Copy out exactly the stretch of the listing below that begins at the line containing "Vista 8 de Juego" and ends at the line containing "2002 Superbike Of", and copy nothing outside it.
** Opening Data listing block **
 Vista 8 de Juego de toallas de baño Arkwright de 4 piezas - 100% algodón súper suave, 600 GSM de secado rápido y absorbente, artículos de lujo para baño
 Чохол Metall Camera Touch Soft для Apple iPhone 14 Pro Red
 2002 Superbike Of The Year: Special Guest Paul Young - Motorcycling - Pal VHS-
** Closing Data listing block **
** Opening Data listing block **
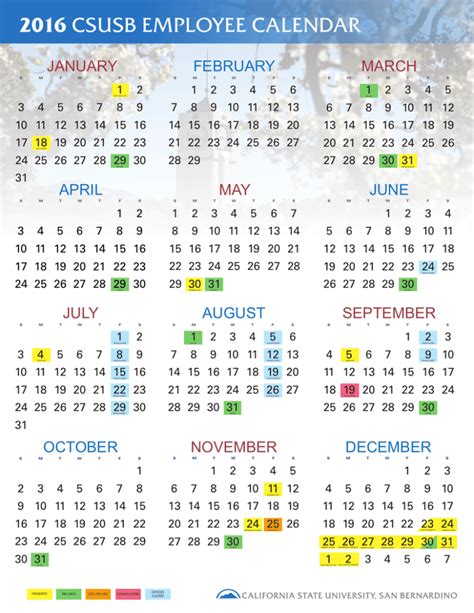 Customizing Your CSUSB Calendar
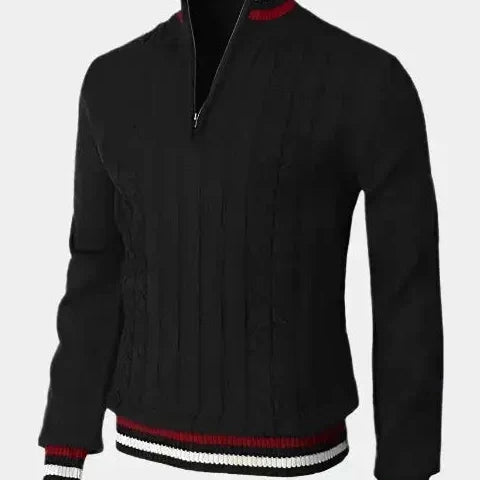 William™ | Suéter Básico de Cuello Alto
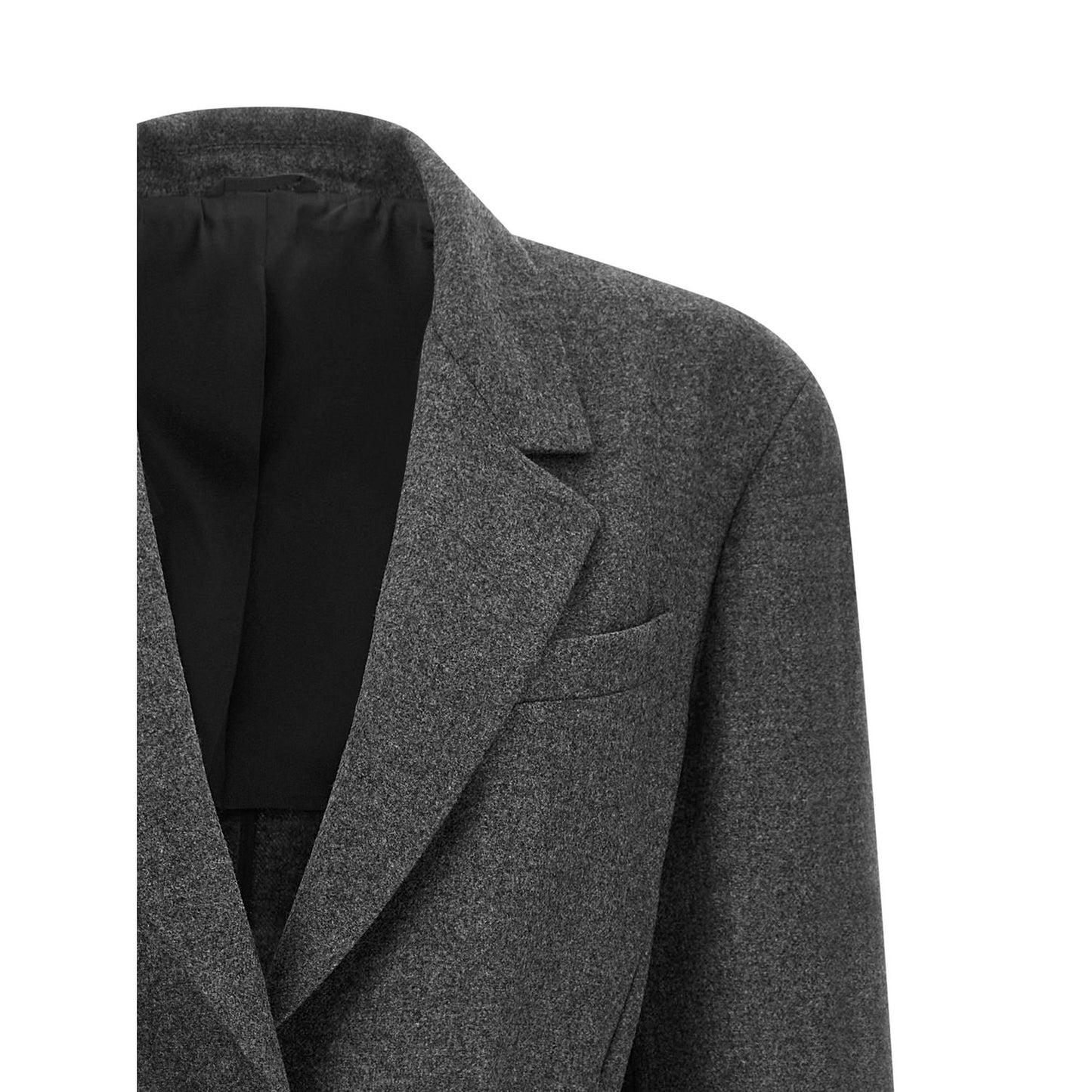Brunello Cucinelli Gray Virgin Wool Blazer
** Closing Data listing block **
** Opening Data listing block **
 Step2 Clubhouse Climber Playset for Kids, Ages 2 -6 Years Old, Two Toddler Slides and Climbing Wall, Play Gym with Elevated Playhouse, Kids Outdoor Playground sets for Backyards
** Closing Data listing block **
→ Exercise result
 Vista 8 de Juego de toallas de baño Arkwright de 4 piezas - 100% algodón súper suave, 600 GSM de secado rápido y absorbente, artículos de lujo para baño
 Чохол Metall Camera Touch Soft для Apple iPhone 14 Pro Red
 2002 Superbike Of The Year: Special Guest Paul Young - Motorcycling - Pal VHS-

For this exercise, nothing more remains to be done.